STUFF HAPPENS AND EINSTEIN STILL RULES

If you follow scientific news at all you probably saw the headlines in September of last year when an experiment done by a particle accelerator at the CERN facilities in Switzerland appeared to show neutrinos traveling faster than the speed of light (see my earlier post). A beam of neutrinos sent from the Super Proton Synchotron in Geneva seemed to arrive at a detector 730 kilometers away in Italy 60 nanoseconds faster than a beam of light sent at the same time. Of course, Einstein’s Theory of Relativity says that nothing can go faster than light, so this was potentially momentous news.

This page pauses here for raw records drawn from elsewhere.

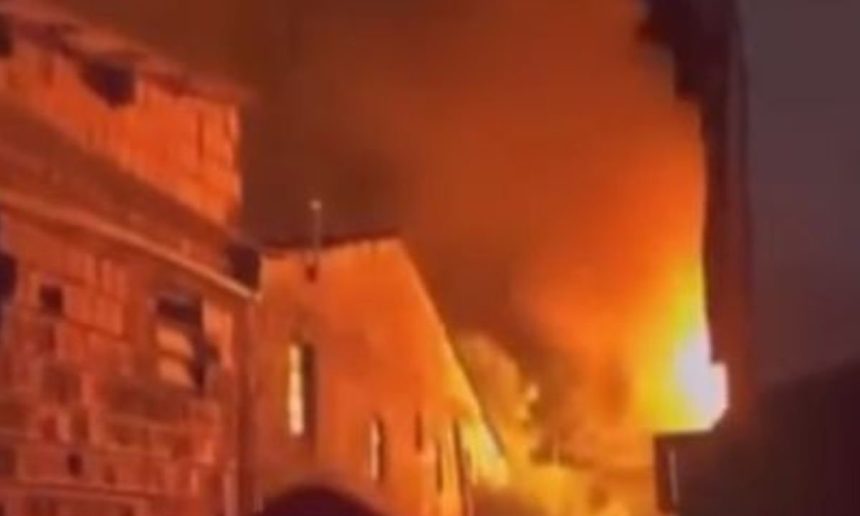 Incêndio em residência com chamas alaranjadas e fumaça densa.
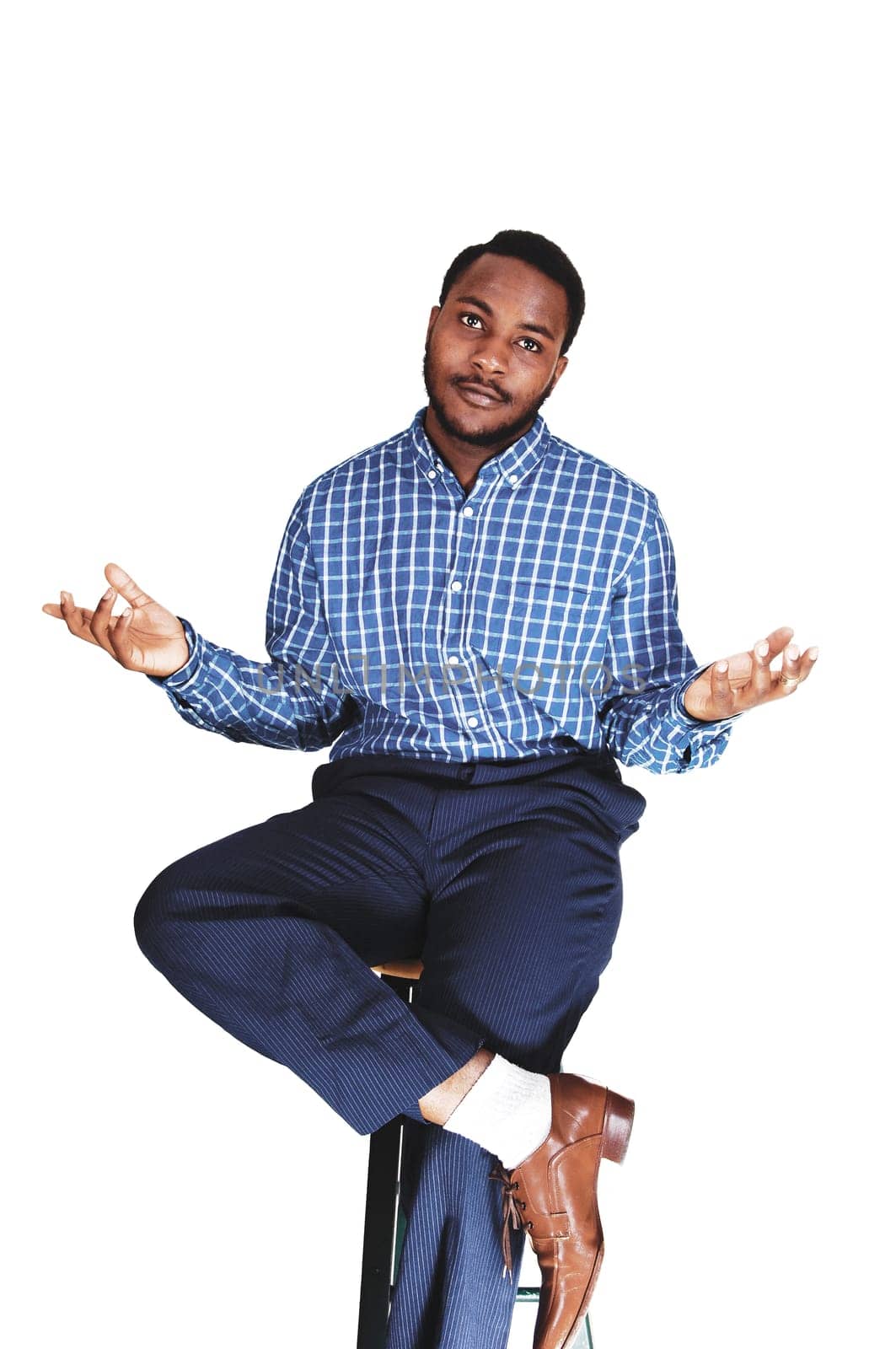 A black young black man sitting isolated for white background showing .with his hand he do's not know..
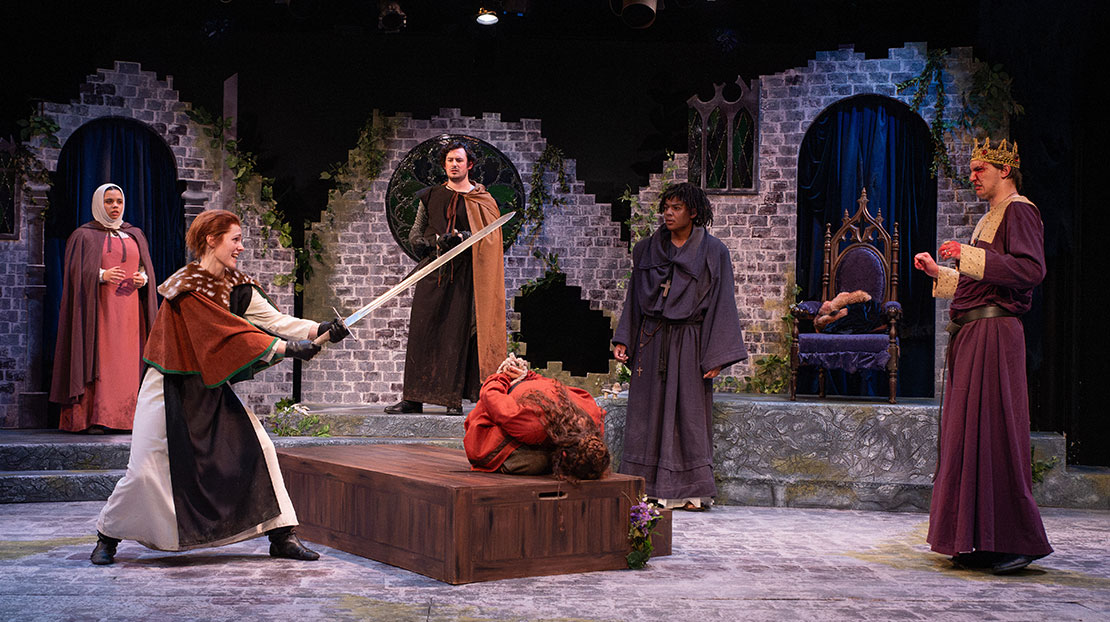 A woman is kneeling, head to the ground with her hands tied behind her back. Another actor holds a sword over her head. Four actors dressed in robes surround them watching. They are in front of a crumbling stone wall with arches and ivy. 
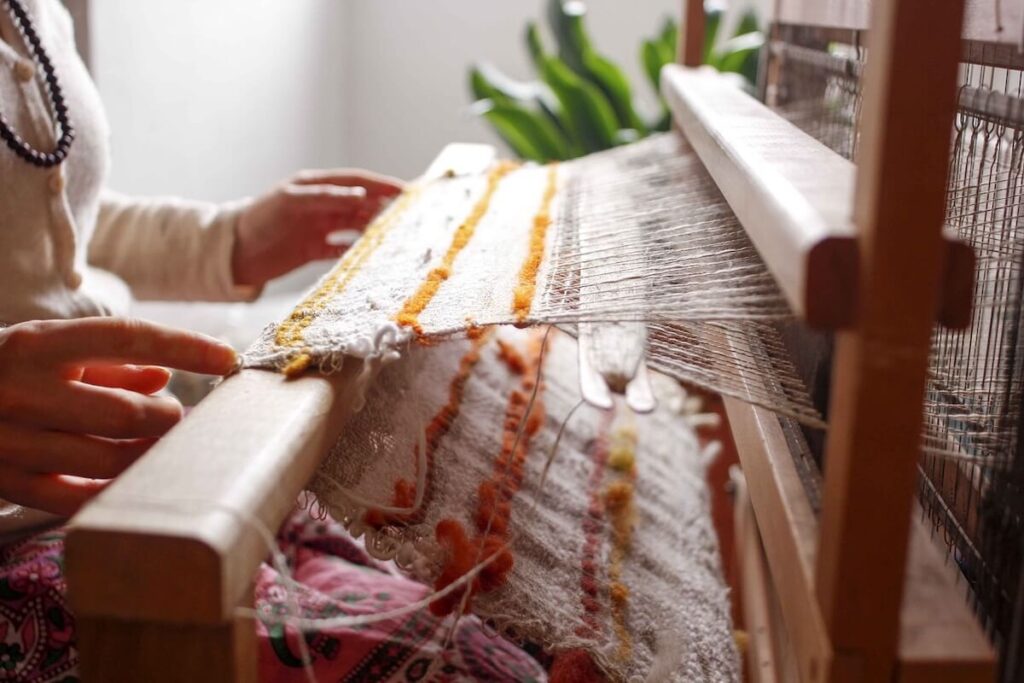 woman weaving cloth on loom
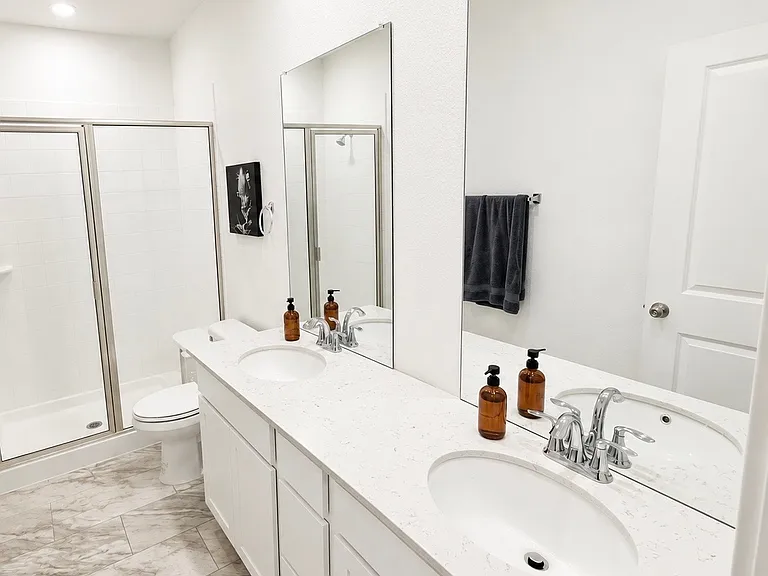 Primary bathroom, double vanity and walk-in shower.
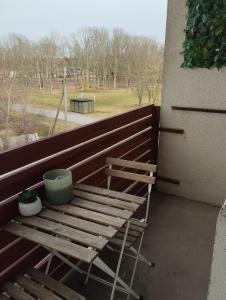 a wooden bench sitting on a balcony with a plant at Viscosa Holiday Apartment in Kõrgessaare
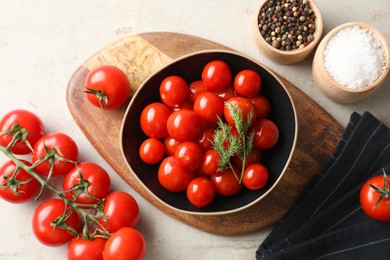 Tasty pickled tomatoes in bowl, spices and fresh vegetables on light grey table, top view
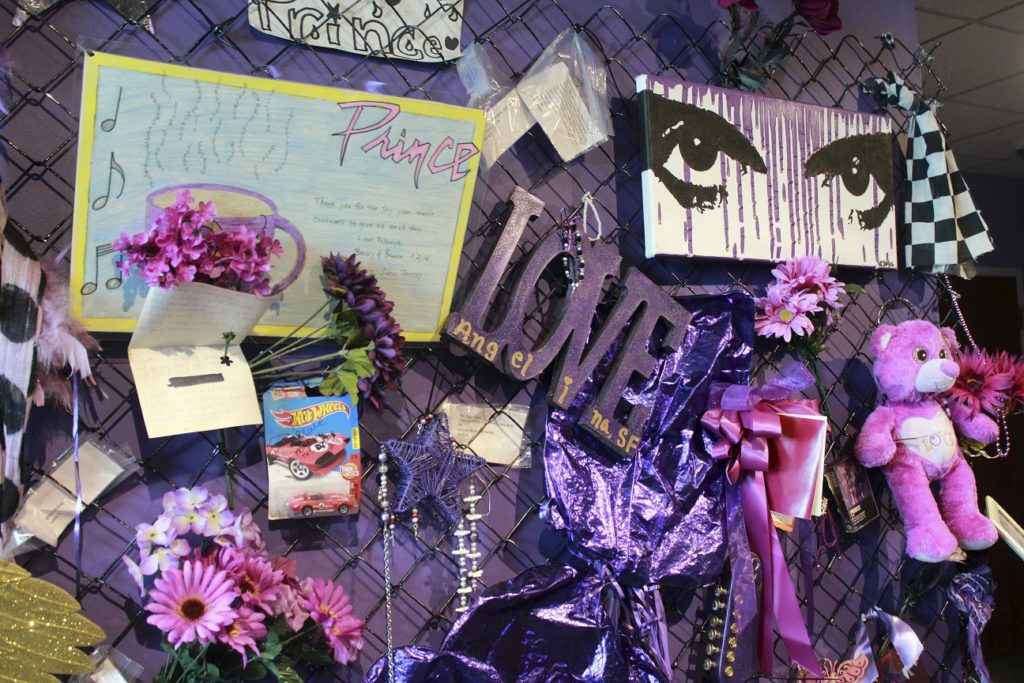 In this Nov. 2, 2016 photo, a replica of the Memorial Fence is shown at Prince's Paisley Park in Chanhassen, Minn. Paisley Park, home and studio of the late musician Prince, is open for public tours. Fans left memorials on Paisley Park after his death. (AP Photo/Jeff Baenen)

Fast forward to this week (but not faster than light!) and the scientists involved have announced that the results of the experiment are in doubt. They may have been caused by a data transmission problem. A fiber-optic cable that fed data from a GPS used in the timing procedure wasn’t as tight as it should have been, and that bad connection could potentially have produced a time discrepancy that suspiciously matches the 60 nanoseconds at the heart of the furor.

Now, this isn’t a clear-cut conclusion that the experiment was a bust, just an admission that an equipment problem could have accounted for the controversial results. The smell test says it probably did, and Einstein is still on his throne.

Which also means warp speed is still fiction. For now!